We use innovative methods to train and place guide & service dogs, to provide increased independence and enhanced mobility to people who are blind, have low vision or have other disabilities. All of our services are provided at no charge to the individual.
In 2008, 24-year-old Matt Sherwood’s life seemed to be going to plan: His career was taking off, and he got married in August. But four days after his wedding, Matt noticed that anywhere he looked, there was a white dot in the center of his vision.
Unsure of what to do, he followed his normal routine, but over the next few days, the bright white dot got progressively bigger and obscured even more of his vision. Finally, he sought out an ophthalmologist, who ran tests and delivered the bad news: Matt was blind, legally blind, and there was nothing he could do about it.
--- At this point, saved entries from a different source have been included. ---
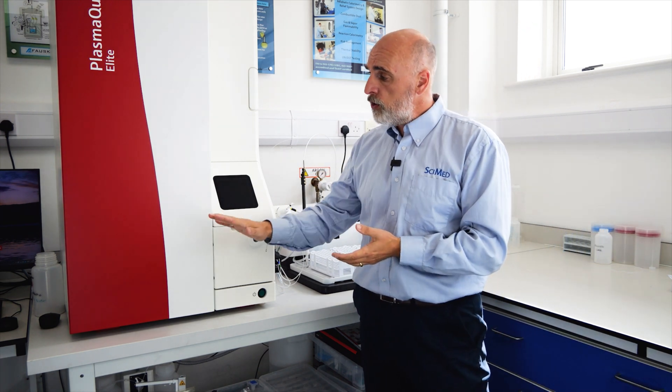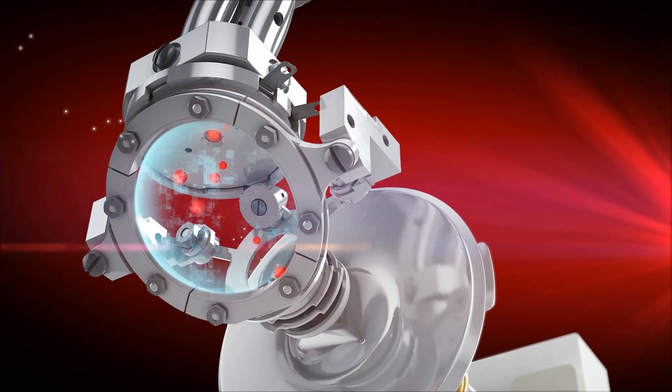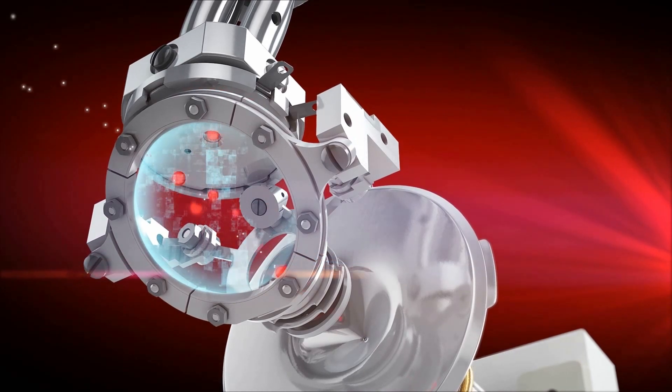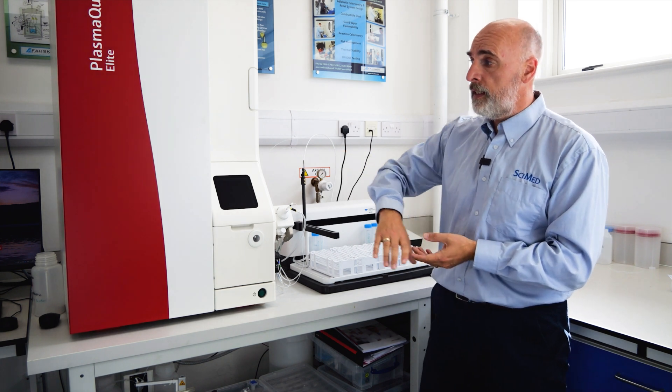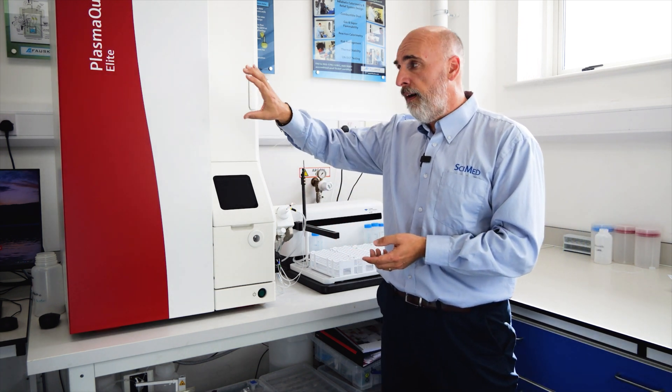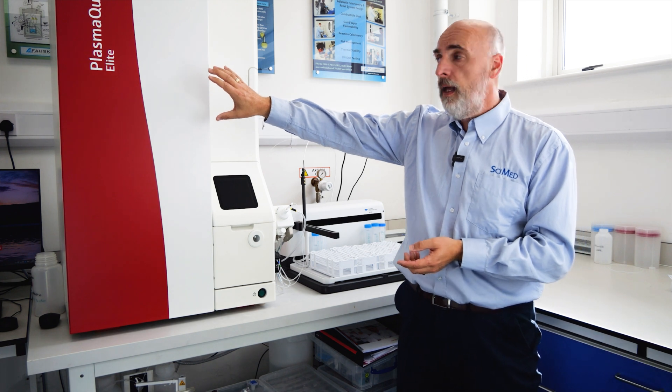The ion beam then travels through, goes through a 90-degree bend, and passes something called the reflexion. The reflexion is there to refocus the ion beam and prevents it from diverging. So we end up with more ions going into the mass spectrometer, which is a very high resolution mass spectrometer, and those ions then carry on through into the detector.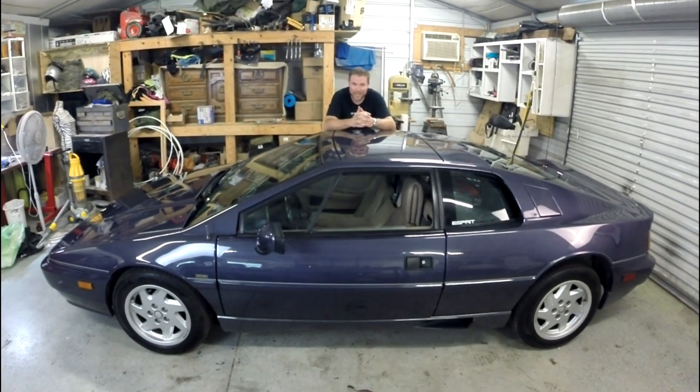Hey everyone, this is my latest project. This is a 1989 Lotus Esprit Turbo. I picked this up on Craigslist, found it in Montana, and I brought it home. I thought it was a pretty awesome project.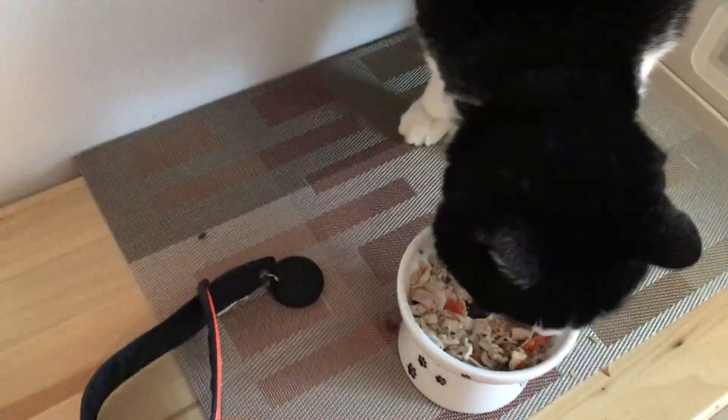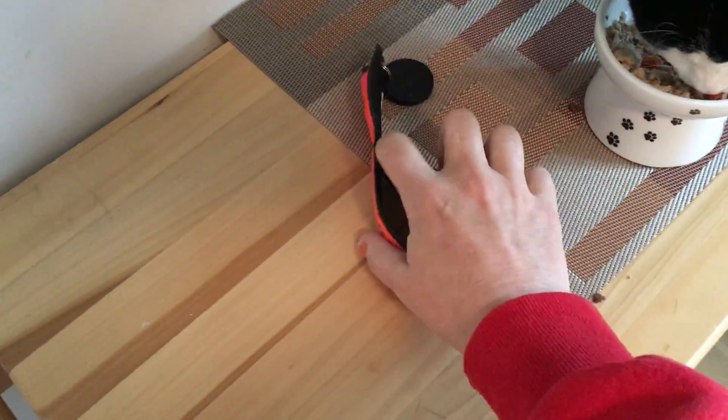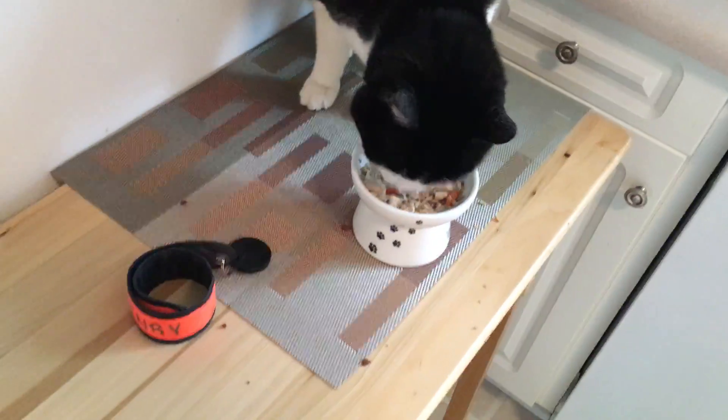And take it off with one hand. You're such a good sport, Henry. It just coils up by itself — no problem.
With the positive attitude and determination that had informed his life until then, Matt did not dwell on his “loss,” but focused on the challenges he could overcome. He used assistive technology to help him do his job as a financial adviser, and he underwent orientation and mobility training. He learned to use a white safety cane to help him navigate his world.
But it wasn’t perfect. Run-ins with overhanging signs or telephone poles left him bruised and bleeding. Finally, Matt decided it was time for a guide dog. Because he lived locally, the Guide Dog Foundation was able to offer Matt the opportunity to walk with a trainer and a future guide dog.
“It blew me away,” he says. “I was nervous that a guide dog would slow me down because I walk fast.” It was just the opposite. His guide dog “navigates through crowds like a running back.” In fact, in areas that used to make Matt anxious, “It’s a breeze now. I hold onto the harness and trust him.”